Andrew D. Davis1,2, Greg D. Wells3,4, Bereket Falk5, Michael D. Noseworthy6,7
1Medical Physics and Applied Radiation Sciences, McMaster University, Hamilton, Ontario, Canada; 2Medical Physics and Applied Radiation Sciences, St. Joseph's Healthcare, Hamilton, Ontario, Canada; 3Department of Anesthesia, University of Toronto, Toronto, Ontario, Canada; 4Physiology and Experimental Medicine, The Hospital for Sick Children, Toronto, Ontario, Canada; 5Department of Physical Education and Kinesiology, Brock University, St. Catharines, Ontario, Canada; 6Electrical and Computer Engineering, School of Biomedical Engineering, McMaster University, Hamilton, Ontario, Canada; 7Brain-Body Institute, St.
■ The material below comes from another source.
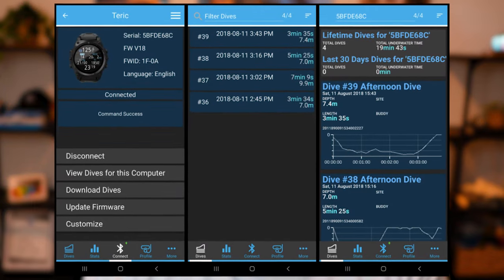Another nice feature is an app to sync your dives to. Dive computers log all your dives, and a good app lets you transfer them to your phone or computer via Bluetooth. Some apps offer cloud sync so all your devices can see your dives. Some entry-level computers don't have any app at all, so you'd have to manually type dives into a third-party app or hand write them into your log.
Joseph's Healthcare, Hamilton, Ontario, Canada
BOLD data was acquired at 3T in skeletal muscle of the lower leg during an on/off isometric exercise paradigm. This was compared to data taken by substituting a twisting motion for the exercise. Both data sets were analysed using a square wave based GLM. The twisting data was found to mimic the exercise data, confounding the analysis. In-plane twists must therefore be eliminated from during-exercise BOLD scans, since the motion effects may be mistaken for true changes in perfusion and oxygenation.